A Argentina tem até 30 de julho para evitar a suspensão de pagamentos

A reação dos fundos abutres ao anúncio de Kicillof não se fez esperar. O fundo NML pediu na quinta-feira a Griesa uma audiência para verificar se o pagamento não implicava um desacato à justiça norte-americana. O juiz de Nova York, de 84 anos, aceitou a petição e convocou a reunião para sexta-feira. Ali, Griesa não se referiu a embargo algum, mas, tal como solicitaram os abutres, ordenou a The Bank of New York que não fizesse o pagamento aos credores da dívida reestruturada e que devolvesse o dinheiro ao governo argentino. O advogado do banco norte-americano, presente na audiência, disse que a instituição acataria o que o juiz dissera. Os representantes da Argentina responsabilizaram Griesa, os litigiosos e The Bank of New York pelo não cumprimento do vencimento da dívida nova.

O juiz se queixou de que com esse anúncio de pagamento a Argentina havia interrompido as negociações iniciadas por um mediador designado por ele na segunda-feira. No entanto, Griesa mandou que essas conversações prossigam. “Seria desejável, se for possível, chegar a um acordo.” Mas nem todo o discurso do juiz foi tão suave. Ele também tachou de “explosiva” a decisão da Argentina de expedir o dinheiro. Os advogados do país sul-americano se justificaram dizendo que se não o fizessem os credores da dívida reestruturada poderiam iniciar ações legais.

Agora se abre um período de um mês no qual a Argentina e os abutres discutirão como se executa a sentença. Não está em debate o valor reivindicado, pois a sentença ordena pagar sem reduções como as aceitas pela maioria dos credores em 2005 e 2010. O que se avalia é se Buenos Aires pagará em dinheiro, como determinou o juiz, apesar de o Governo de Cristina considerar impossível assumir isso, ou com títulos públicos, cujos vencimentos ocorrerão nos próximos anos.

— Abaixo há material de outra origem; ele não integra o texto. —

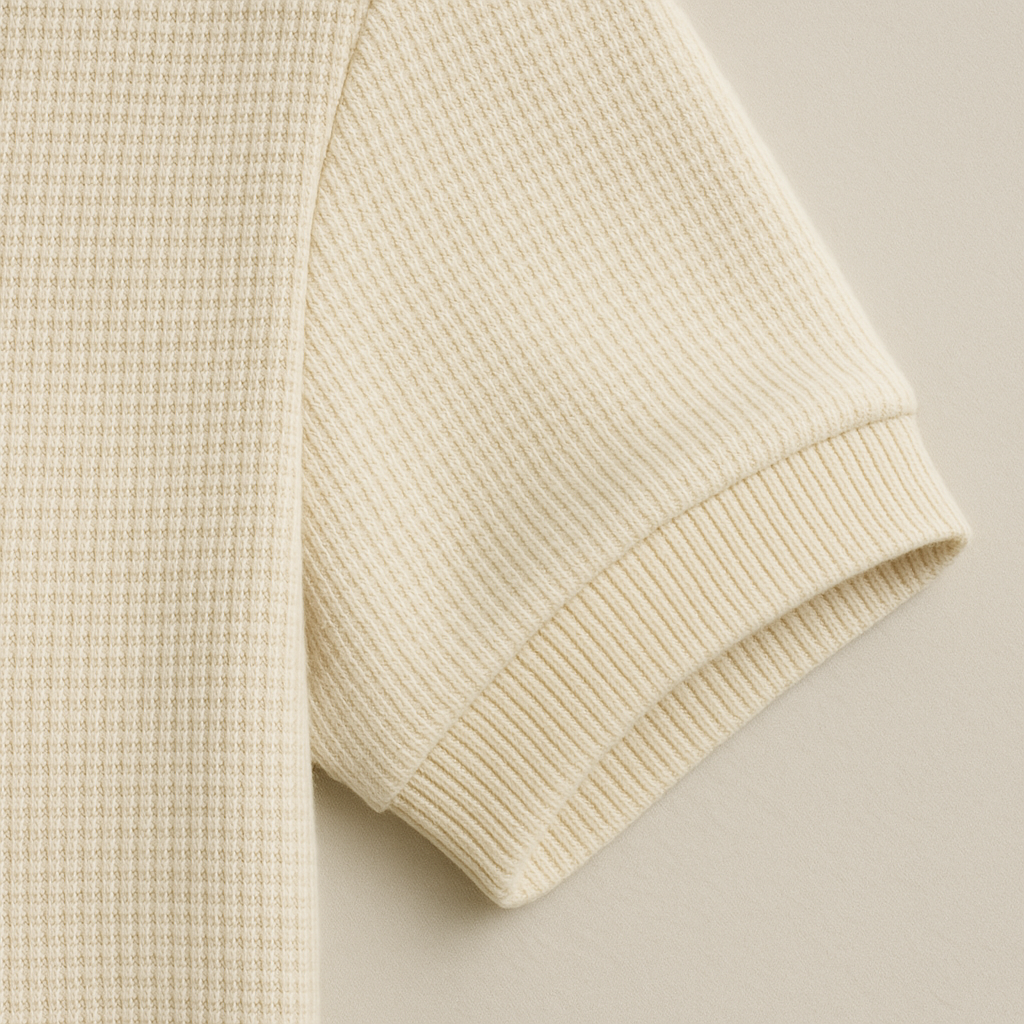 Hommes - Polo - Demi-zip - Polyester souple et respirant - Mode classique et confortable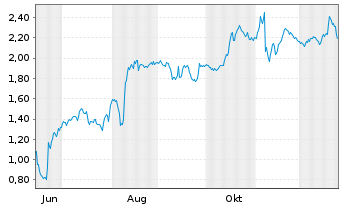 Chart Mini Future Short Northern Data - 1 Jahr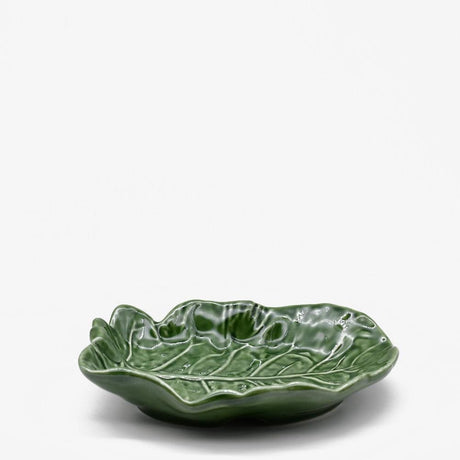 Cabbage Leaf-shaped Ceramic Plate - 6.3''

O problema enfrentado pela Argentina é que se oferecer aos abutres títulos públicos pelos 100% que reclamam desde 2001, os credores que aceitaram as trocas de 2005 e 2010 também podem exigir o mesmo tratamento, de acordo com uma cláusula de seus bônus. Uma alternativa é que, dada a escassez de divisas de que padece a Argentina e que levou este ano à desvalorização do peso, inflação de 35% e recessão, o país sul-americano consiga financiamento de algum banco de investimentos para pagar à vista os litigantes sem sacrificar suas reservas internacionais. Vários bancos fazem fila para oferecer o dinheiro porque acreditam que, se a Argentina resolver esse caso, as cotações de seus títulos saltarão nos mercados, já o país mantém, além do mais, uma baixa dívida externa com o setor privado, da ordem de 8% do PIB.

Mas enquanto o conflito pelo julgamento se agrava, há províncias argentinas que têm de adiar seus planos de emitir dívida para custear gastos cotidianos. Por sua vez, a Argentina continua acumulando apoios de organismos internacionais e outros países à sua posição porque eles preveem um possível efeito sistêmico com a sentença de Griesa a favor dos que rejeitam as reestruturações de dívidas e apostam na reclamação pela via judicial. Na quinta-feira foi a vez da Comissão Econômica para a América Latina e o Caribe (CEPAL), órgão das Nações Unidas.